Luke van Dyk, 20, of Durbanville, is among six young chefs who will represent Cape Town in the finals of the 2024 RCL Foods Young Chefs and Bakers Challenge, in KwaZulu-Natal, on Thursday October 3.
Sixty chefs compete simultaneously in three cities across the country, with 10 teams competing in both Johannesburg and Durban, and 10 teams in Cape Town. Each team has two chefs.
Our sister publication, The CapeTowner, reported that in Cape Town, the 20 chefs competed in a heated semi-final at Makers’ Landing at the V&A Waterfront on Thursday September 12 (“Six young chefs who put their best plates forward, off to finals of cooking contest,” September 17).
The competing teams had three hours to bake bread, cook a main and a dessert out of ingredients provided.
In Cape Town, three teams received their golden ticket to the finals after a team of judges evaluated their courses on taste, presentation, technique, and hygiene.
Finalists from Cape Town included students from the Silwood School of Cookery in Rondebosch: Aimee Dunn and Gina Kamps, Michael Botha and Liyah Jassat, and Annabelle van der Westhuizen and Luke van Dyk.
Mr Van Dyk said he had started doing a three-year cordon bleu course this year.
“I was born with a passion for cooking.
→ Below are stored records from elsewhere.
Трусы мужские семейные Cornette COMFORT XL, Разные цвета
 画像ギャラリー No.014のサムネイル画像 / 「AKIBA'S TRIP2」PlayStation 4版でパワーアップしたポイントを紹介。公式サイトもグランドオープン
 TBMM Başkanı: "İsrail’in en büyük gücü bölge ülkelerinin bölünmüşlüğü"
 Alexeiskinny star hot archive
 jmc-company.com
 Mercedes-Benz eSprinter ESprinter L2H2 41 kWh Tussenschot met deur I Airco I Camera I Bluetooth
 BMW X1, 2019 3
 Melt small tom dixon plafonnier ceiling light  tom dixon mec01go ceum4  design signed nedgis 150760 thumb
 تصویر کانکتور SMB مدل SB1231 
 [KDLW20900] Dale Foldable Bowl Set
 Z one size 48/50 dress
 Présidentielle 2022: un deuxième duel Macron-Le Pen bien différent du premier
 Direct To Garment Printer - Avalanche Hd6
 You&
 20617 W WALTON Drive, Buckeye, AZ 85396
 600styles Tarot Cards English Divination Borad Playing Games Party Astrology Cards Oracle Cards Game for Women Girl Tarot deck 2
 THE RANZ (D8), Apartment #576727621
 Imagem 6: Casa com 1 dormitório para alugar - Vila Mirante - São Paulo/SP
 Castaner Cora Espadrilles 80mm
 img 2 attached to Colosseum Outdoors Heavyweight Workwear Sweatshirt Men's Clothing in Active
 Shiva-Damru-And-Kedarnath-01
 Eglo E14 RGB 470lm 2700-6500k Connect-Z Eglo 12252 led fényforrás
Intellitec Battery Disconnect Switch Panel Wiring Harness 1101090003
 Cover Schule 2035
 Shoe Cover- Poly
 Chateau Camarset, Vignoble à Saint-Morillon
What helped me decide to become a chef was when my mom started her own catering business back in 2015. I have been helping her around the kitchen since I was around the age of 11, so food has always been a part of my life.”
After finishing his course, he plans to to France for three years to learn as much as he can from the best chefs in the world.
“Come and eat at my restaurant after I get back from France,” he said.